Philip Morris has upped its bid for respiratory drugmaker Vectura to over £1bn as the takeover deal, which is being “closely monitored” by the government, has raised public interest questions.
Philip Morris International (PMI) raised its offer to £1.65 per share, valuing Vectura at £1.02bn, after private equity firm Carlyle made an offer of £958m on Friday, according to reports.
The British pharmaceutical company said on Friday that it believed it could be better positioned under Carlyle’s ownership, noting the “reported uncertainties relating to the impact on Vectura’s wider stakeholders arising as a result of the possibility of the company being owned by PMI”.

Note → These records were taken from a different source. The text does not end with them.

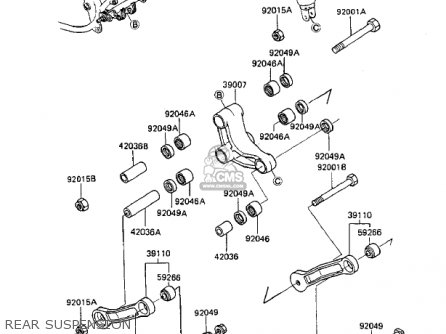 REAR SUSPENSION - ZX750A2 GPZ750 1984 USA CALIFORNIA CANADA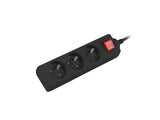 Lanberg Cable Power Strip, 3X French Outlets with Switch, Quality-Grade Copper, 3 m | PS1-03E-0300-BK
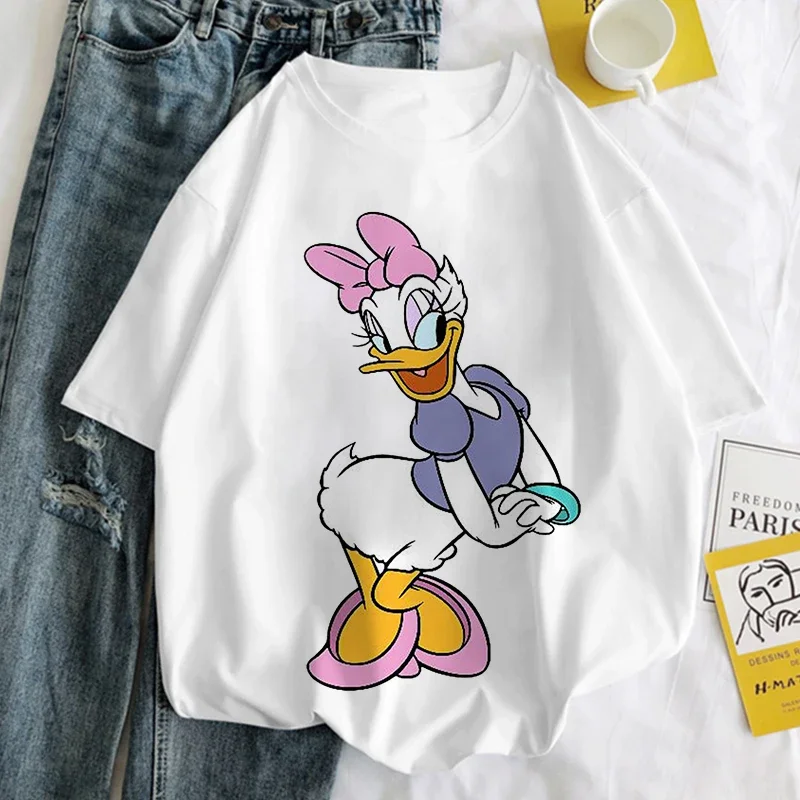 Branco topos pato donald margarida dos desenhos animados impressão camiseta feminina harajuku estética tshirt moda y2k feminino t camisa roupas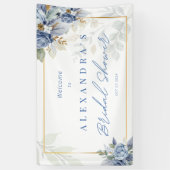 Bannière de Fête des mariées florale bleu Dusty (Vertical)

Vectura makes inhaled medicines and devices to treat respiratory illnesses such as asthma, and other smoking and non-smoking related illnesses.
The maker of Marlboro cigarettes said it plans for Vectura, which counts Novartis and GSK among its customers, to operate as an independent unit and be at the centre of its inhaled therapeutics business.
PMI has been exploring opportunities beyond its core products to expand into the wider healthcare market.
The somewhat paradoxical move by the tobacco giant prompted Labour shadow ministers to write a letter urging the government to consider blocking it.
Under the Enterprise Act 2002, Business secretary Kwasi Kwarteng has powers to intervene in problematic mergers on the grounds of public interest and said government will “monitor the situation closely”.
Labour shadow health secretary, Jonathan Ashworth, said that government “must take their responsibilities seriously and reassure the public that a company like Philip Morris won’t be able to profit from health conditions caused by the very products they manufacture”.